Assuredly, he will not be unpunished. Psalm 40 verse 4, How blessed is the man who has made the Lord his trust and has not turned to the proud, nor to those who lapse into falsehood. The evil spirit that resists authority is promoted by the devil, it's promoted by the world, it's promoted by our fallen flesh, and it infiltrates every quarter of our nation, the workplace, the citizenry, the home, and far too often it drifts into the church. Brothers and sisters, let us be resolved to trust God and obey his word concerning God-ordained authority. I mean, let the rebels scoff, let the God-rejecter rage, let the seductive and deceptive ones spread lies and innuendo, let the liberal and the man-centered leftists laugh and mock and ridicule, but let God be found true and every man be found a liar. God's truths stand and on this rock we must stand.
These things are just right. Children obey your parents. It's clear, it's undeniable, it's unavoidable. Children in past cultures should obey their parents. Children today should obey their parents. Children in the future should obey their parents, period, for all time.
We are the people of God, let's start acting like it. Children should be taught to obey their parents and should be required to obey their parents. All right, not only that, not only is it an old, old precept, but Romans 2, this obedience is natural and it's expected. It's natural. The next phrase is, children obey your parents. I'll skip one, actually, because this is right. Well, that's simple, isn't it?
It's just right. God our creator has every right to design his creation to function in the way he ordained it to function. He's not calling a committee meeting anywhere to find out what to do next. God doesn't put his wet finger in there to find out what's going to work best next time. Romans 9 20 reminds us, on the contrary, who are you, old man, who answers back to God?

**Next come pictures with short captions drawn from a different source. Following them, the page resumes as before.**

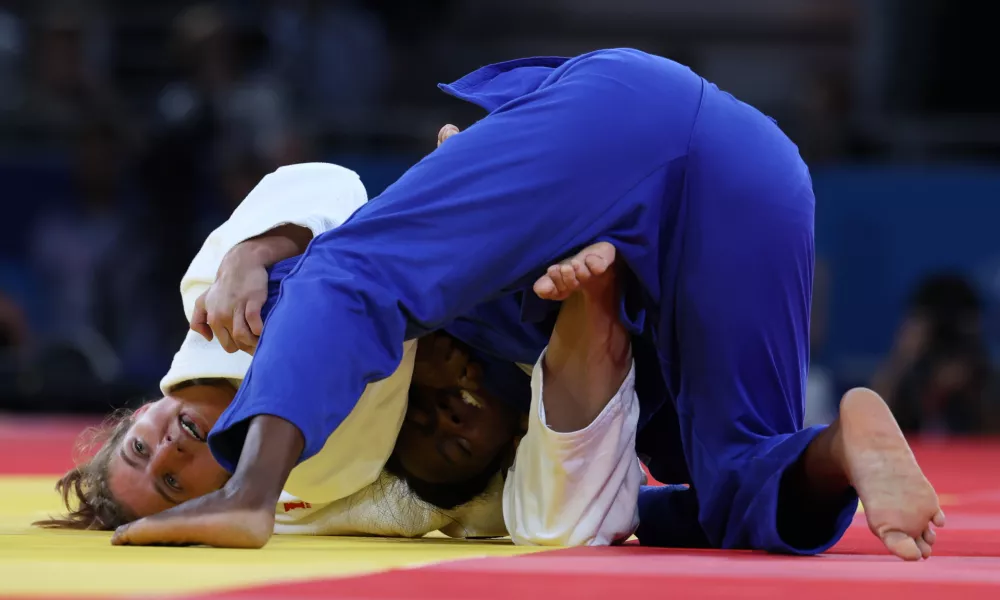 30 July 2024, France, Paris: Slovenia's Andreja Leski and France's Clarisse Agbegnenou (Blue) in action during the judo women's -63kg semi-final bout of the Paris 2024 Olympic Games at the Champ-de-Mars Arena. Photo: Mickael Chavet/ZUMA Press Wire/dpa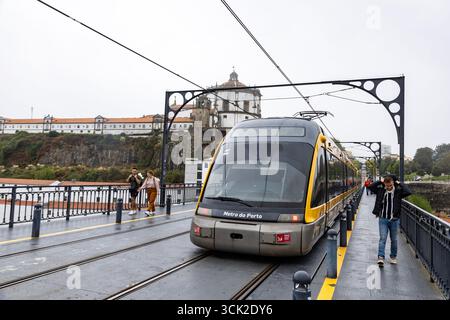 Système de tramway sur le pont de fer historique Dom Luis I sur le fleuve Douro à Porto, Portugal Banque D'Images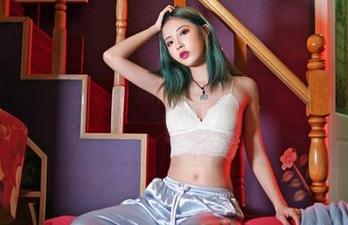 嗲囡囡 – 潘琳琳ber亲临浴室，找到了“印刷”的高清感，下载不等人。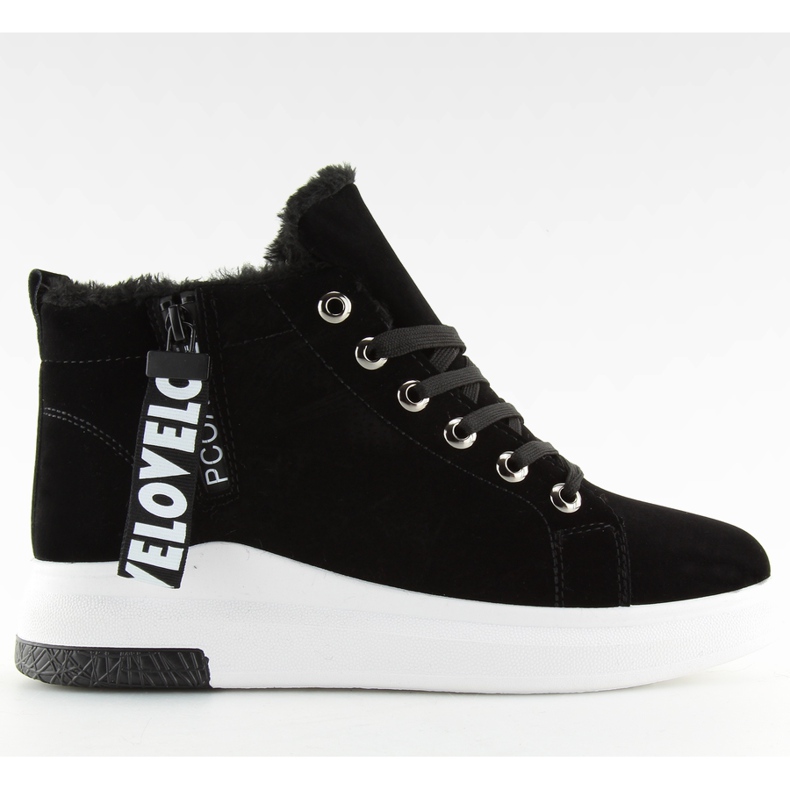 Baskets isolées noires 2018-67 noir le noir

Who are you to say to God, well, that's outdated, that didn't work, I don't like that, I don't agree with that, I know somebody that's abused that. People abuse all of God's ordained structures, but that does not mean that we throw them away.
It's right, it's exactly as it should be. You could say it's righteous. The idea of righteousness, there's various meanings, but the idea of righteousness is the idea that you function justly in all your relations. And when it comes to children and parents, the divine just way to order yourself to function is to obey. It's right, it's righteous. God has woven this truth into the fabric of creation, that is, that children should obey their parents. Even natural law teaches us this. It's just understood, you can go to any culture, all religions and cultures that I know of practice the general principle of children obeying their parents.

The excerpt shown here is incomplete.